Slang fills the Internet. I think that it has for quite some time. I remember writing a paper and giving a speech on the syntax, style and elements of Internet slang in 1992—spring of my senior year at Wabash. While the world wide web was invented in late 1990 at CERN. But the web needed a client. It needed a program to make it accessible. That program was Mosaic. Without Mosaic there was not much interest in the world wide web. Mosaic was released in April of 1993. I obtained my first exposure to Mosaic shortly thereafter at Loyola University here in Chicago. I developed my first web page– using Mosaic as the test client– in the summer of 1993.

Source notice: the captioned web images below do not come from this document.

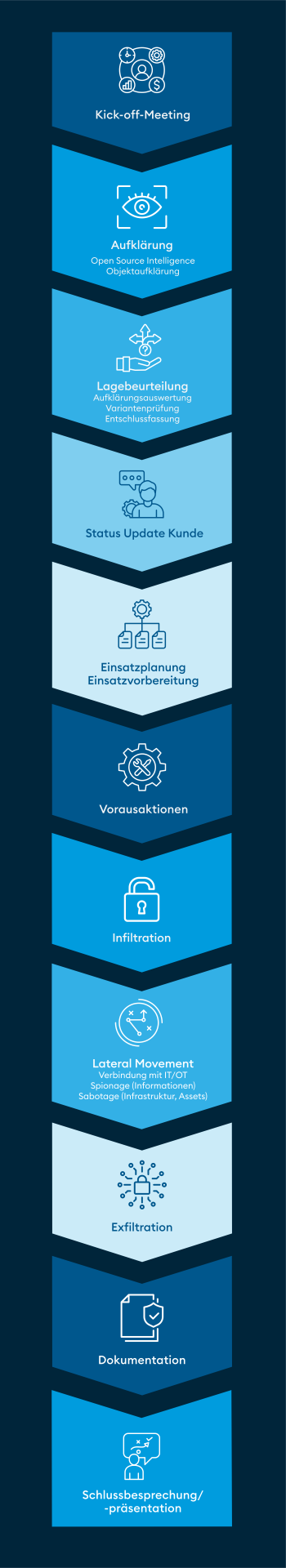 Ablauf eines Physical Access Assessments mit den Phasen Kick-off-Meeting, Aufklärung, Lagebeurteilung, Status-Update für den Kunden, Einsatzplanung und Einsatzvorbereitung, Vorausaktionen, Infiltration, Lateral Movement, Exfiltration, Dokumentration und Schlussbesprechung zur Prüfung der Cybersecurity.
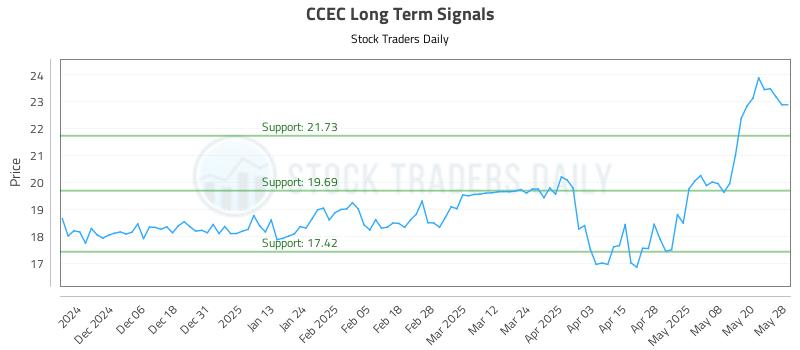 CCEC Long Term Analysis for May 28 2025 CCEC Long Term Analysis for May 28 2025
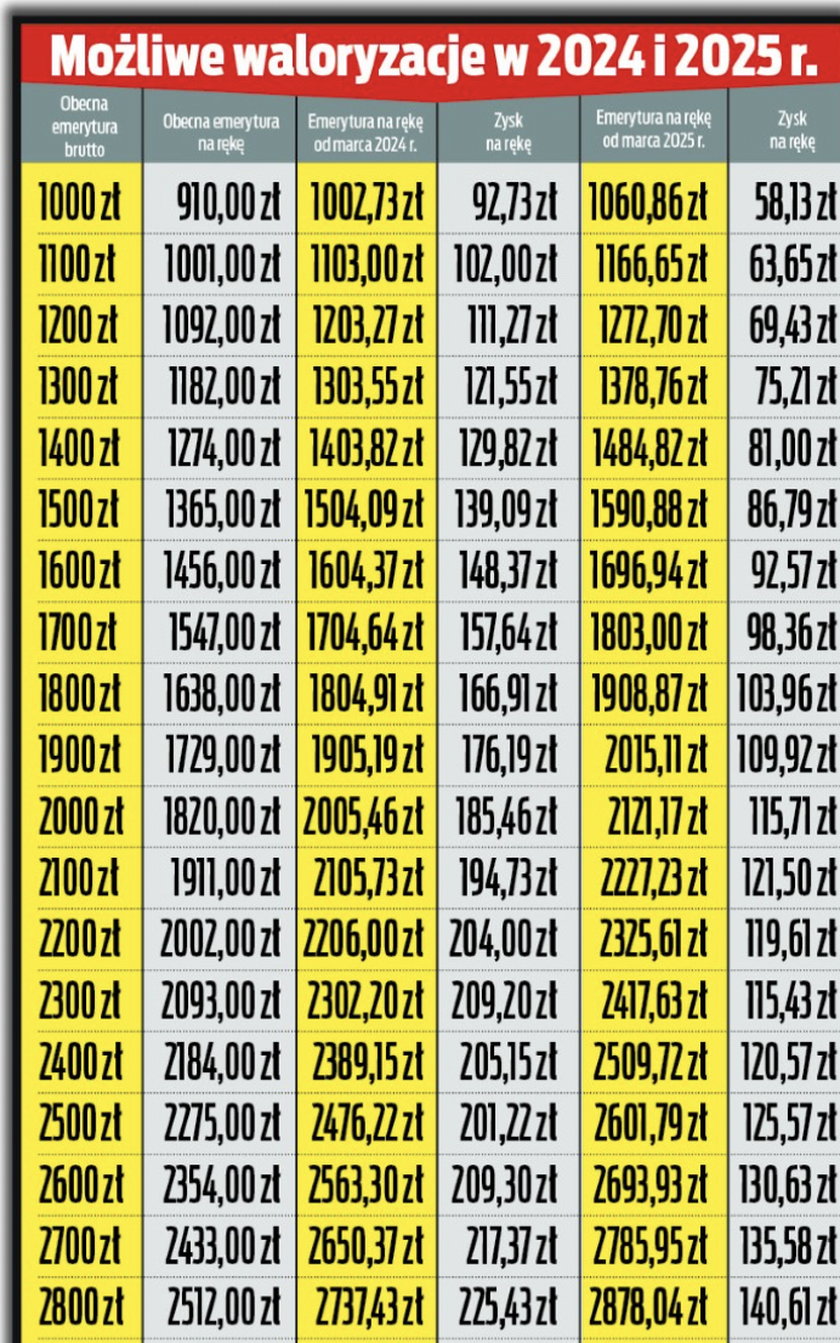 Waloryzacje w 2024 i 2025 r. – nowe prognozy rządu.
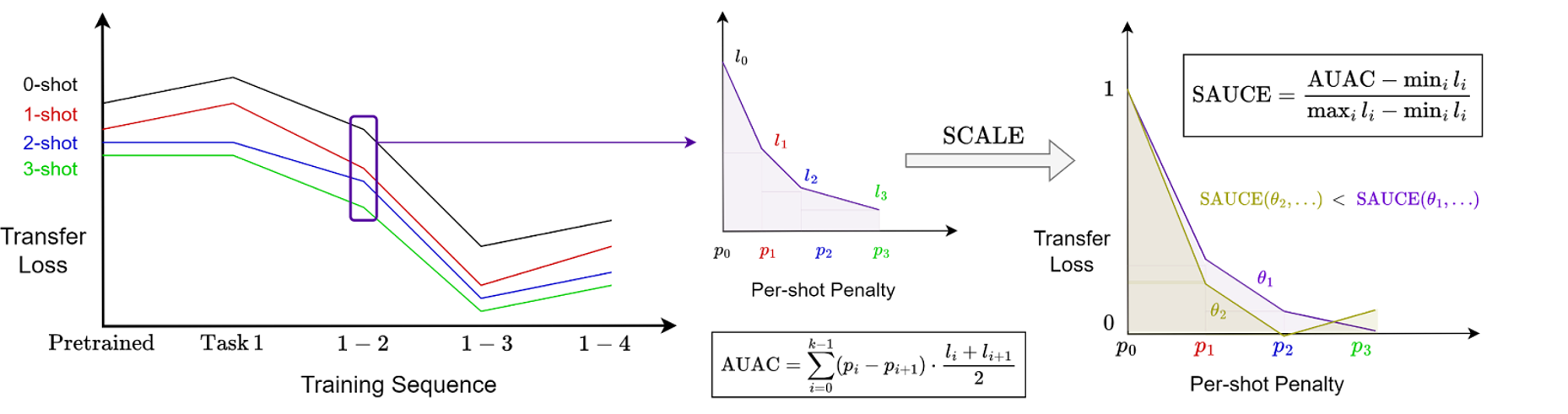 Picture1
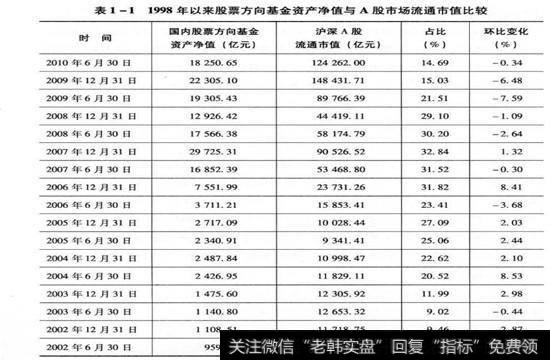 1998年以来股票方向基金资产净值与A股市场流通市值比较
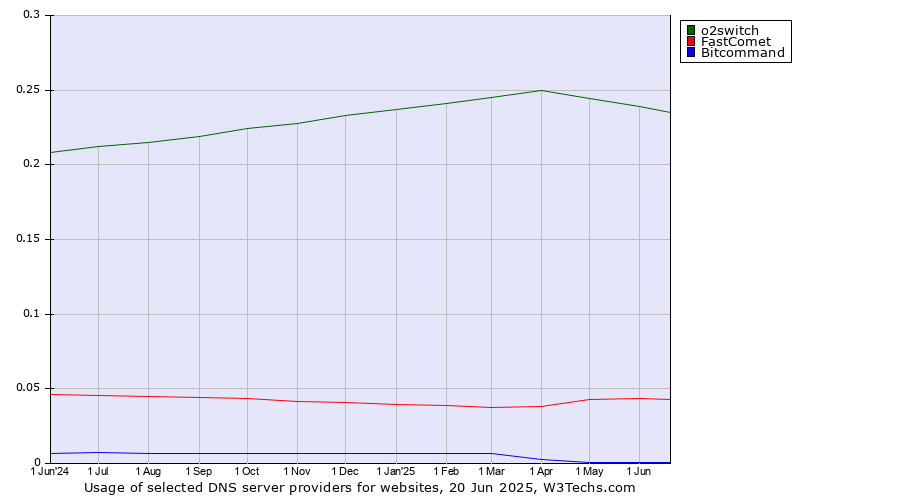 Historical trends in the usage of o2switch vs. FastComet vs. Bitcommand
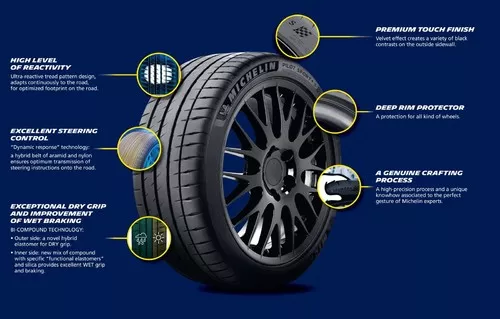 Michelin Pilot Sport 4 S - 11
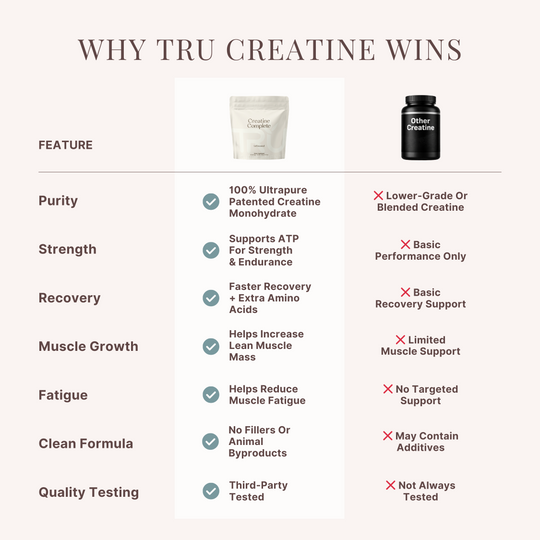 TRU Creatine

What is significant about that moment, the creation of that first web page, is that it was the first time I incorporated an image into any content I transferred electronically to someone else. Up until that moment my use of the Internet was almost entirely textual. Not visual. In fact my exposure to networked computer systems at all up until that moment was almost entirely textual: LAN Manager networks, Novell NetWare networks and predominantly dial-up bulletin board systems. The client operating systems and applications all ran on DOS, or Windows 3.11. The servers usual did not run on anything much more sophisticated. My first exposure to the Internet came in 1991 when I discovered it was an even broader set of interconnected systems than the BITNET system to which Wabash connected. My first several Internet applications included email, BITNET relay, telnet, USENET news, IRC, FTP and gopher. I learned these programs primarily by obtaining accounts on first the Wabash VAX/VMS system and then later a Loyola AIX system.

Those first years on the Internet consisted of me staring at black window boxes filled with white text. The written word. Much of my early web browsing was done using the text-based web browser, lynx. I did this for two reasons: it was considerably faster, and the computer lab only had a very limited number of X-Windows workstations capable of running Mosaic. They were in high demand by computer science students. Philosophy graduate students “just screwing around on the computer” were significantly lower on the priority list. Then I learned about the dial-up access modem bank that was rarely used. I fired up ProComm Plus, dialed in, and was able to sit on that AIX shell for hours from the (relative) comfort of my grungy apartment and explore to my heart’s content—just as long as I did not mind everything being text-based. I did not mind. At the time, the Internet essentially was text-based.